The 10 year discount is available even for settlors aged 90 or over whereas the initial discount was not.
Exit Charges on Distributions
Upon distribution exit charges are based on the effective rate from the last 10 year charge or the rate at the trust’s creation. Capital distributions to beneficiaries can trigger an exit charge calculated on the effective IHT rate at the last 10 year review.
Distributions to trust beneficiaries on the settlor’s death can trigger exit charges for IHT purposes.
Conclusion
In summary Discounted Gift Trusts are a powerful tool to manage IHT liabilities and provide an income stream for the settlor. By planning and understanding the different types of trusts, tax implications and management strategies individuals can get the most out of a DGT. Whether an absolute, discretionary or flexible trust the key is to match the trust structure to personal financial goals and estate planning needs.
FAQs
What is the purpose of a Discounted Gift Trust?

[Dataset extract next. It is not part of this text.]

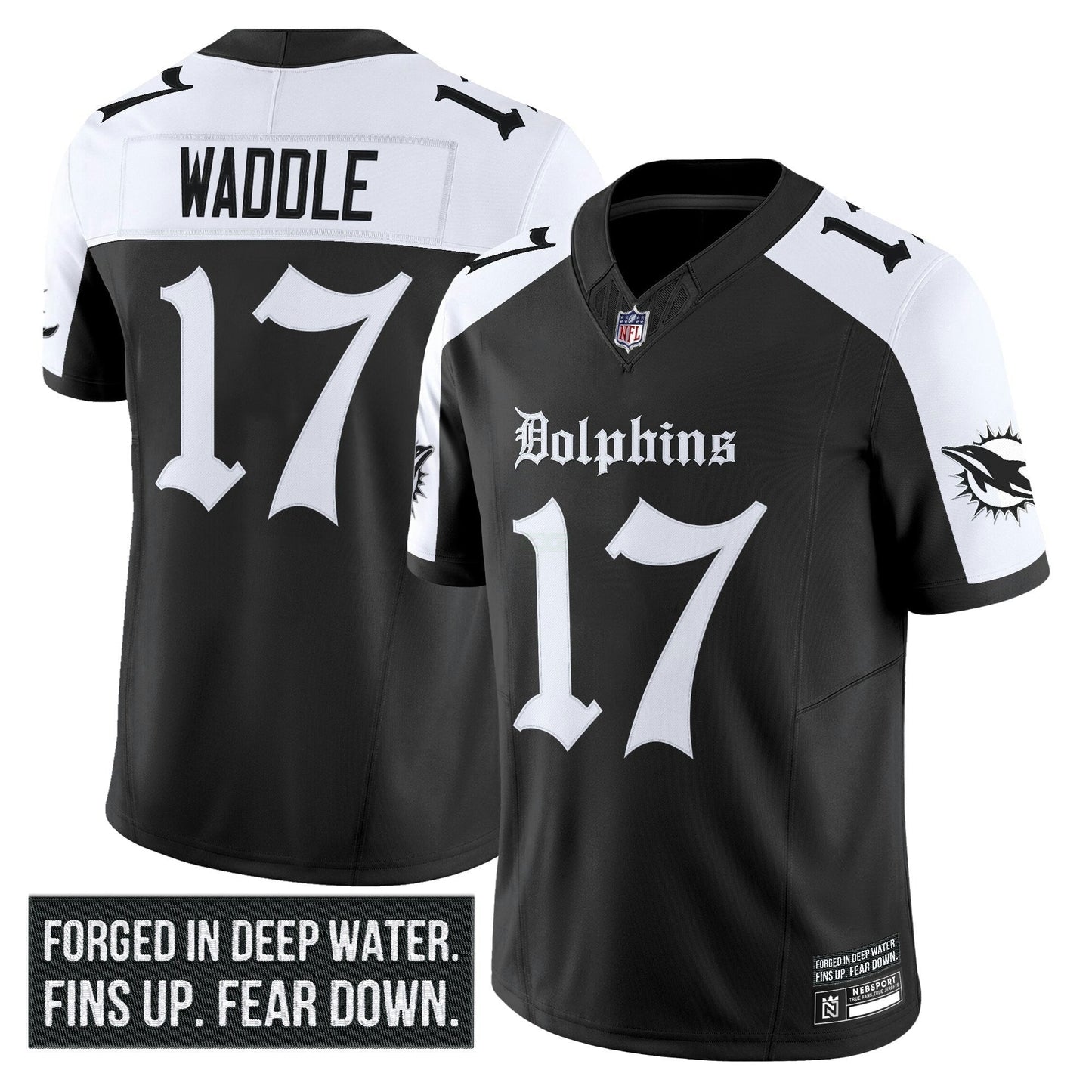 Camisa NFL Men’s Miami ‘Gothic Deep Water Edition’ Vapor Limited Jersey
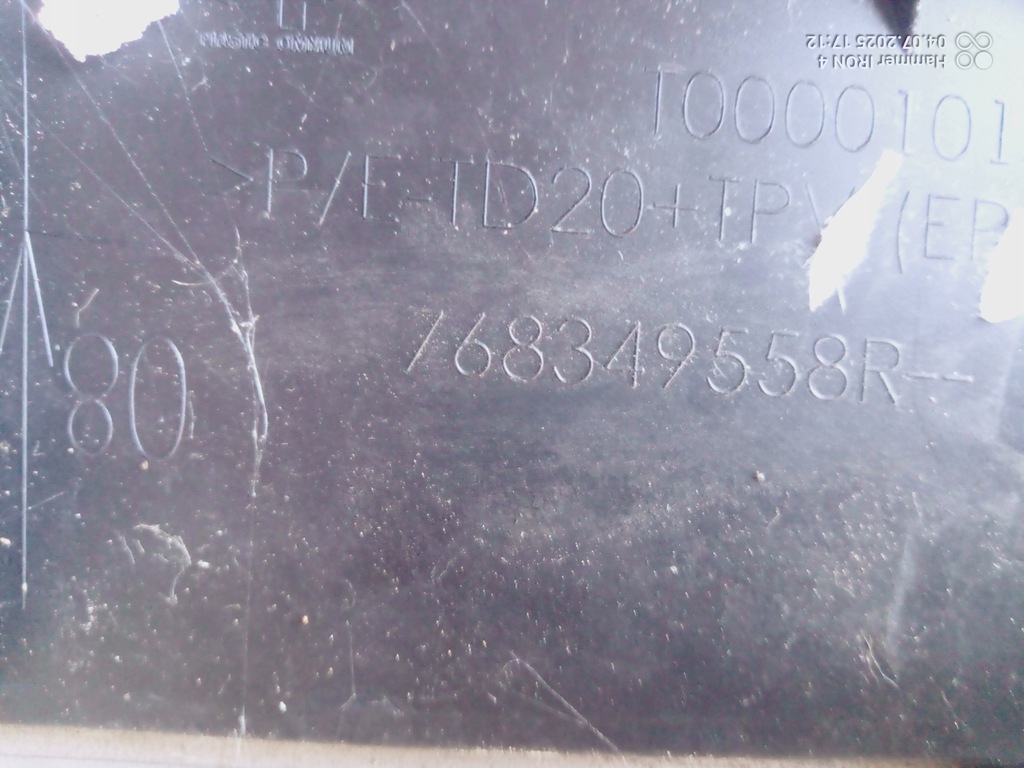 фото №6, Молдинг скло лобове права renault scenic iii колір ted69 768349558r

The purpose of a Discounted Gift Trust is to reduce IHT liabilities and get an income. This will help with financial planning and wealth preservation.
Who is a DGT for?
A DGT is for individuals or couples with large assets who want to reduce IHT liabilities and still get income from the gifted assets. This will help with financial planning and asset management.
What are the types of DGTs?
There are three types of DGTs: absolute trusts, discretionary trusts and flexible trusts. Each type has different management and distribution options for beneficiaries.
How are periodic and exit charges calculated for a DGT?
Periodic charges for a DGT are every 10 years based on the value of the trust. Exit charges are based on either the effective rate from the last 10 year charge or the rate at the trust’s creation.
What happens to a DGT on the settlor’s death?
Managed and distributed in accordance with the trust deed, with ongoing payments to the settlor if applicable.